**Work to complete:**
From the records below, transcribe exactly the lines that begin at the line with "Read Yona of the Dawn Manga Online" and end at the line with "企画展「回セ！地域経済―江戸・明治の町田の金融史―」町田市立自由民権資料館", both included.

========

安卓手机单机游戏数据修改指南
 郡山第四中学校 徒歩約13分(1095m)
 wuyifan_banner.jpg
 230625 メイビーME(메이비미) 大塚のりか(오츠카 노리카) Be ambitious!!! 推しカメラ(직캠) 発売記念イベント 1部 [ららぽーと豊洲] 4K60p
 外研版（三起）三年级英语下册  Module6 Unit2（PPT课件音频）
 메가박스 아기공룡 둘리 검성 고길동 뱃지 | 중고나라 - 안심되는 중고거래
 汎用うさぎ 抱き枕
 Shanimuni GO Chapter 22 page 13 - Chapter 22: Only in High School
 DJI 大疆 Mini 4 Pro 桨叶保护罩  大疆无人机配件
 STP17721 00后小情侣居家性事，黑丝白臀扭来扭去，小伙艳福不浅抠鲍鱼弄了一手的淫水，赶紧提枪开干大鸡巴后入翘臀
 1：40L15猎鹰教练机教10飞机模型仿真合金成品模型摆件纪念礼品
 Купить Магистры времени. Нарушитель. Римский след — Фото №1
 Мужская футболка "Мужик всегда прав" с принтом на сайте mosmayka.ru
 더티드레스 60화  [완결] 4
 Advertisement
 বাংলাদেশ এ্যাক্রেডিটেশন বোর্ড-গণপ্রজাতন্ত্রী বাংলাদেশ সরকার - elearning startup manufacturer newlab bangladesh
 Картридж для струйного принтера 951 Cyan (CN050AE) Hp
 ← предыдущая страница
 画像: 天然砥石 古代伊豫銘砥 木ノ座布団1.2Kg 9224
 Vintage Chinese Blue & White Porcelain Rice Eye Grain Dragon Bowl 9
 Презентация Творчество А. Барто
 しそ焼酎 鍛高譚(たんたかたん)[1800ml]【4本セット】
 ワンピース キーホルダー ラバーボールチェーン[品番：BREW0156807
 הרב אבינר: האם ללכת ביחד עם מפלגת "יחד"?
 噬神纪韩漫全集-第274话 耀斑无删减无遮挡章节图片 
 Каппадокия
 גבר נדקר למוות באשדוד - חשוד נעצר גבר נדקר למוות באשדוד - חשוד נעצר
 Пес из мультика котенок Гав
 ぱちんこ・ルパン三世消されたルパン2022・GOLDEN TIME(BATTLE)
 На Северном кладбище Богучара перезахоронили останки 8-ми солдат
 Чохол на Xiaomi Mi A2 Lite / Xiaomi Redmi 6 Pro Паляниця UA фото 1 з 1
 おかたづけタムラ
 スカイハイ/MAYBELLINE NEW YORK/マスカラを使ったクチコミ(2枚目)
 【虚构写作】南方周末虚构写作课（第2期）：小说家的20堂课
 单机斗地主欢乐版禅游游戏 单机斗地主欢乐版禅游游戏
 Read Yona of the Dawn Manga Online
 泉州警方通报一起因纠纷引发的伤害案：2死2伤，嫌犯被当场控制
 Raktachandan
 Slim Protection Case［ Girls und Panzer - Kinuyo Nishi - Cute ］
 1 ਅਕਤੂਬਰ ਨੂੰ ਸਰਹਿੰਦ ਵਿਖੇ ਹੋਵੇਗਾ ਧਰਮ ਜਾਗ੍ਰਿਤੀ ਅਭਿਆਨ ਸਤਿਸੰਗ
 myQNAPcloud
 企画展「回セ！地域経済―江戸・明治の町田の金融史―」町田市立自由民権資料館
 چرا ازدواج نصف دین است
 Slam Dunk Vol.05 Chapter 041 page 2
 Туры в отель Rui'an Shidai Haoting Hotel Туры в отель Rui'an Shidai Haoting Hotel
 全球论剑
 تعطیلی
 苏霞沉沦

========

**Task answer:**
 Read Yona of the Dawn Manga Online
 泉州警方通报一起因纠纷引发的伤害案：2死2伤，嫌犯被当场控制
 Raktachandan
 Slim Protection Case［ Girls und Panzer - Kinuyo Nishi - Cute ］
 1 ਅਕਤੂਬਰ ਨੂੰ ਸਰਹਿੰਦ ਵਿਖੇ ਹੋਵੇਗਾ ਧਰਮ ਜਾਗ੍ਰਿਤੀ ਅਭਿਆਨ ਸਤਿਸੰਗ
 myQNAPcloud
 企画展「回セ！地域経済―江戸・明治の町田の金融史―」町田市立自由民権資料館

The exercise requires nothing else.